I believe that VR is going to disrupt a multi-trillion-dollar economy — the economy of “getting outside your mind”. I first heard about this concept from the Book “Stealing Fire”, in which the author argues that every year, people spend trillions of dollars on activities to “refresh” their minds so that they can go back on being creative and productive. The range of activities is very broad, including watching movies, going to Disneyland, bowling with friends, creating art, traveling, consuming alcohol & drugs, and hundreds of other forms of entertainment. I believe that VR will affect and disrupt many industries linked to this type of economy because the immersive experience from the virtual world gives you a similar feeling of “taking a break” from your day-to-day reality, but gives you a lot more choices and at a much cheaper price than real-world activities.

For example, in National Geographic Explorer, you find yourself immersed in Antartica, rowing on the sea, seeing fish, penguins, and whales swim by you, and climbing mountains — really immersing you into the adventure. While only a small number of people visit Antartica in real life every year, this is an experience that can be accessed by almost everyone from their living room with just a VR headset, regardless of their age, physical conditions or economic background. I believe that this could fundamentally change the way we travel — instead of traveling a few times a year, we could travel every day or weekend virtually, at a fraction of the normal cost and more importantly, at our own convenience.

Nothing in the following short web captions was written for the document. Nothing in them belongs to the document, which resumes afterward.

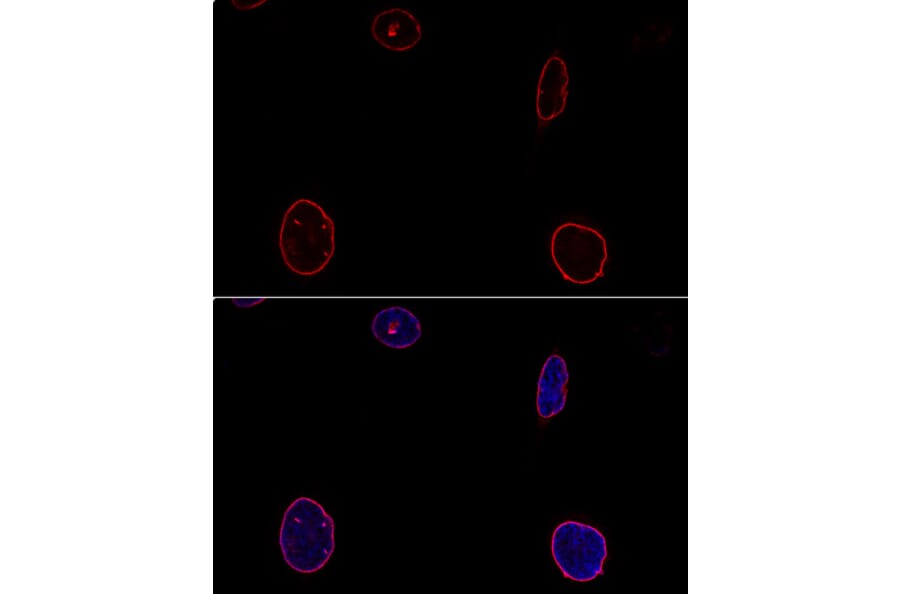Immunofluorescence - Anti-Emerin Antibody (A89365) - Antibodies.com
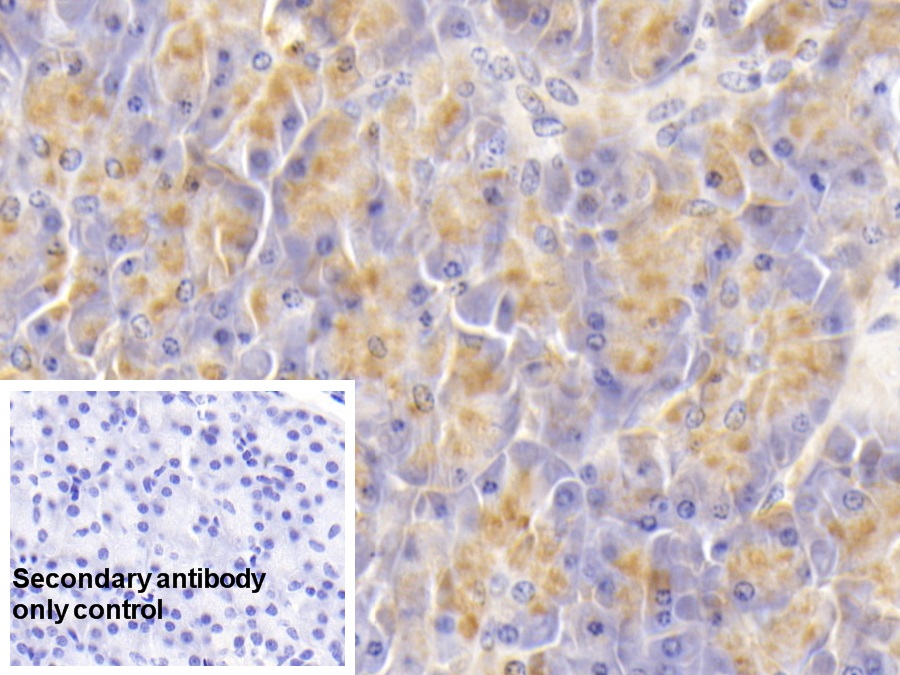 Monoclonal Antibody to Salivary Alpha Amylase (AMY1A)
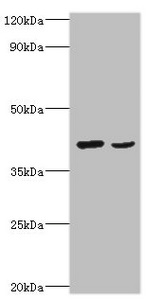 WNT2 / IRP Antibody - Western blot All lanes: Protein Wnt-2 antibody at 2µg/ml Lane 1: HepG2 whole cell lysate Lane 2: MCF-7 whole cell lysate Secondary Goat polyclonal to rabbit IgG at 1/10000 dilution Predicted band size: 40 kDa Observed band size: 40 kDa
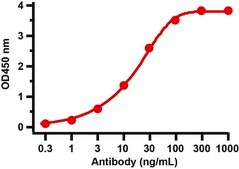 Anti-SARS-CoV-2 (COVID-19) Nucleocapsid antibody produced in rabbit affinity isolated antibody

Another example would be Bigscreen, which takes you to a virtual theater, and allows you to watch a movie within the VR headset with other people online or friends on a big screen (it’s incredible how you can get the sense the big screen within the headset). You can even watch 3D movies within the virtual theater. Some of the current downsides are the lack of acoustic depth and high-quality images that you would normally get in a real theater.

New technologies usually enable new concepts to be possible. For example, the Internet introduced the concept of unlimited selection (ex: Netflix or Spotify), or the Blockchain enabled the concept of digital scarcity (ex: Bitcoin or CryptoKitties). I believe that VR is enabling the possibility for unlimited selection for people to escape from their minds at their own will and convenience, allowing them to be transported into an unlimited selection of virtual worlds and activities, and disrupting the trillion-dollar economy of “getting outside your mind”.

The other potential I see in VR is to help bring people closer in the digital world. While many researchers nowadays are worried about the impact of the internet and social media on younger generations, who have higher depression rates, feelings of sadness and loneliness, VR can potentially help provide a sense of connection at a more personal level. What I realized while playing RecRoom, an online multiplayer social platform with various mini-games is that when you play frisbee-golf, paintball or fight monsters/aliens with your friends inside the virtual world, there actually is this feeling that you are sharing the experience with your friend in person as you can see and interact with them in the same virtual environment. While the traditional online gaming with your friends also provides the feeling of shared-experience, I believe that VR adds another dimension to the feeling that we are truly inside the room with the other person through face-to-face interactions and body movements, and perhaps, this could help further increase our sense of connections with others, reducing the gap between virtuality and reality.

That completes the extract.